DesconversasRobert de Andrade

Editorial: O apocalipse impublicável

A última edição da revista impressa Os impublicáveis, atendendo a sua inconstante periodicidade, foi lançada em abril de 2013. Esse número trouxe como principal temática a mídia e seu editorial alertava para o fato de que somos, ainda, incapazes de transformar sujeitos inanes em ativistas ferozes, desses que encontramos diariamente escondidos em seus quartos enquanto berram nas mídias sociais, apoiando campanhas contra o uso indiscriminado de gentiliza.

A revista veio antes das manifestações que começaram no mês junho, em São Paulo, depois do aumento das passagens, e se estenderam até a Copa do Mundo no ano seguinte. Infelizmente, não fomos tão proféticos quanto se poderia supor. Na verdade, parecíamos inspirados pelo diabo, que mais sabe por ser velho que por ser diabo.

Senão, vejamos. Naquela edição, Cind Canuto apresentou o texto “Meu espaço público,” tratando da apropriação desses espaços que confrontam diversidades e dos riscos em não saber distinguir o público do privado. Nada mais atual.

Passadas as eleições, veio a verborreia inconformada com o resultado das urnas e potencializada pelo espaço que a grande mídia deu aos incautos. Ora, em um texto premonitório escrito por Barroso da Costa e publicado nesse mesmo número da Os Impublicáveis, Barrosão já nos alertava no título com um “Pai, afasta de mim este fala-se” e emendou: Se de nada se podia falar antes, hoje de tudo se fala, mesmo que não haja o que dizer. A tão reclamada liberdade de expressão perverte-se em libertinagem, pornografia tagarela. Todos se sentem autorizados a dizer de tudo publicamente, como se quaisquer opiniões a respeito de qualquer coisa fossem dignas de se transformar em discursos.

Mais adiante deflagrou-se a crise política e econômica. A oposição ao governo só via um caminho: o impeachment, mesmo sem um motivo real, a não ser a derrota nas eleições. A ideia ganha corpo quando milhares de pessoas vão às ruas pedir o impedimento da Presidenta. No entanto, esse magote não é, e tampouco representa, toda a população brasileira.  É evidente que as manifestações devem ser respeitadas e até reverenciadas como uma prerrogativa democrática, mas tão certo quanto isso é o fato de que nem todos os brasileiros estão ali representados.

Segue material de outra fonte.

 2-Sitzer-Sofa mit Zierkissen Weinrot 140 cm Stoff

A fragilidade do movimento começou a se mostrar na falta de substância e coerência daqueles que foram eleitos símbolos dos atos. Cunha foi o primeiro a receber apoio, mas só durou até aparecerem suas contas na Suíça. Depois surgiu nosso primeiro herói de toga, Joaquim Barbosa, que se aposentou logo em seguida. Aécio, se não ficou em primeiro nas eleições, já foi reverenciado como o mais citado na Operação Lava Jato. Agora, além de gritar o nome do Juiz Sergio Moro – o mais novo herói de toga que parece se julgar acima da lei -, há uma turma batendo continência para figuras como Jair Bolsonaro, tal qual previa o meu texto para Os impublicáveis “Que saudade do General”: Enquanto muitos daqueles que lutaram pela liberdade de expressão em nosso país se debatem em seus túmulos ao assistirem a sociedade trocar o livre-arbítrio pelo culto ao supérfluo e a celebração da tragédia pós-moderna, aqueles que ainda estão entre nós parecem sofrer da Síndrome de Estocolmo, acatando cegamente as ordens da grande mídia.

Como já alertado anteriormente, essa emblemática – pelo menos para nós autores e editores de Os impublicáveis – edição da revista, intitulada: “Precisa gritar?”, não é um presságio da tragédia e sim a narrativa de algo que começou bem antes do que imaginamos. Porém, nunca é demais expressar nossa posição de tempo em tempo, atentos às causas sociais e irredutíveis quando se coloca em risco a democracia brasileira.